I think it was either a poor decision made by designers or serialization was an afterthought, or the platform was never ready to do serialization by default on all objects safely and consistently.

Not everything is genuinely serializable. Take a network socket connection, for example. You could serialize the data/state of your socket object, but the essence of an active connection would be lost.

The main role of Serializable in Java is to actually make, by default, all other objects nonserializable. Serialization is a very dangerous mechanism, especially in its default implementation. Hence, like friendship in C++, it is off by default, even if it costs a little to make things serializable.
Serialization adds constraints and potential problems since structure compatibility is not insured. It is good that it is off by default.
I have to admit that I have seen very few nontrivial classes where standard serialization does what I want it to. Especially in the case of complex data structures. So the effort you'd spend making the class serializble properly dwarves the cost of adding the interface.

For some classes, especially those that represent something more physical like a File, a Socket, a Thread, or a DB connection, it makes absolutely no sense to serialize instances. For many others, Serialization may be problematic because it destroys uniqueness constraints or simply forces you to deal with instances of different versions of a class, which you may not want to.
Arguably, it might have been better to make everything Serializable by default and make classes non-serializable through a keyword or marker interface - but then, those who should use that option probably would not think about it. The way it is, if you need to implement Serializable, you'll be told so by an Exception.

I think the though was to make sure you, as the programmer, know that your object my be serialized.

Apparently everything was serializable in some preliminary designs, but because of security and correctness concerns the final design ended up as we all know.
Source: Why must classes implement Serializable in order to be written to an ObjectOutputStream?.

Having to state explicitely that instances of a certain class are Serializable the language forces you to think about if you you should allow that. For simple value objects serialization is trivial, but in more complex cases you need to really think things through.
By just relying on the standard serialization support of the JVM you expose yourself to all kinds of nasty versioning issues.
Uniqueness, references to 'real' resources, timers and lots of other types of artifacts are NOT candidates for serialization.

Read this to understand Serializable Interface and why we should make only few classes Serializable and also we shopuld take care where to use transient keyword in case we want to remove few fields from the storing procedure.
http://www.codingeek.com/java/io/object-streams-serialization-deserialization-java-example-serializable-interface/

Well, my answer is that this is for no good reason. And from your comments I can see that you've already learned that. Other languages happily try serializing everything that doesn't jump on a tree after you've counted to 10. An Object should default to be serializable.
So, what you basically need to do is read all the properties of your 3rd-party class yourself. Or, if that's an option for you: decompile, put the damn keyword there, and recompile.

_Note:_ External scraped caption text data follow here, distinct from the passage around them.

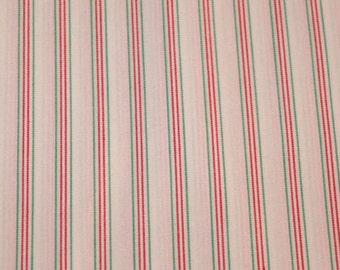 Christmas / Classic Christmas Stripe / Christmas Fabric / Stripe Fabric / Red & Green Fabric /  Noel from Nashville Cotton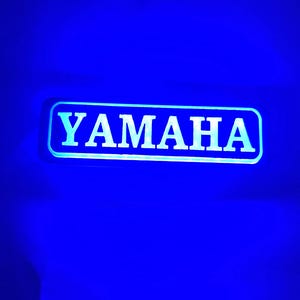 Yamaha Golf Cart Blue LED Emblems, Nameplate, Logo, sticker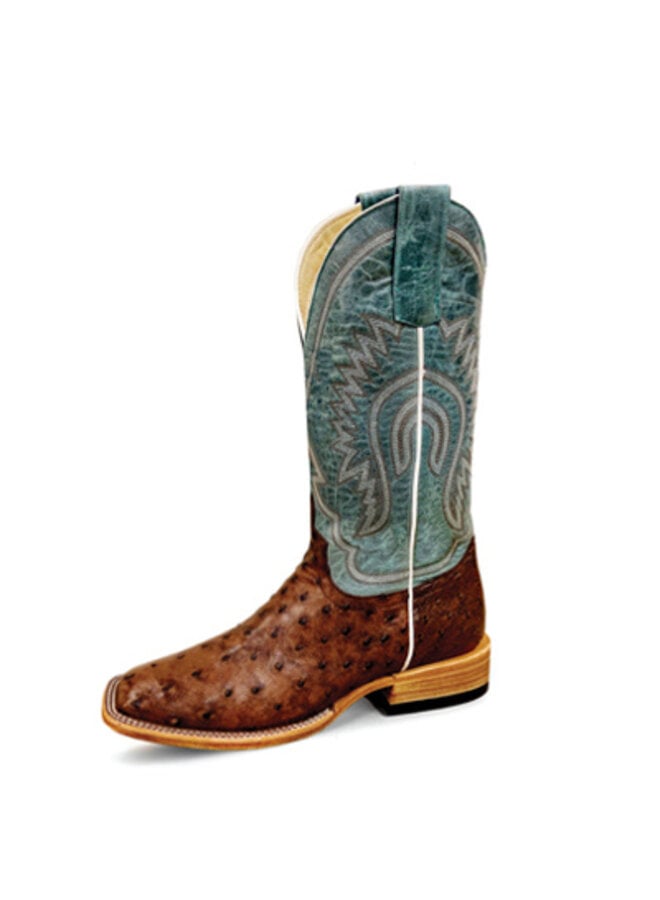 Top Hand Kango Tobac Full Quill Ostrich Boot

There are some things in Java that simply cannot
be serialized because they are runtime specific. Things like streams, threads, runtime,
etc. and even some GUI classes (which are connected to the underlying OS) cannot
be serialized.

While I agree with the points made in other answers here, the real problem is with deserialisation: If the class definition changes then there's a real risk the deserialisation won't work. Never modifying existing fields is a pretty major commitment for the author of a library to make! Maintaining API compatibility is enough of a chore as it is.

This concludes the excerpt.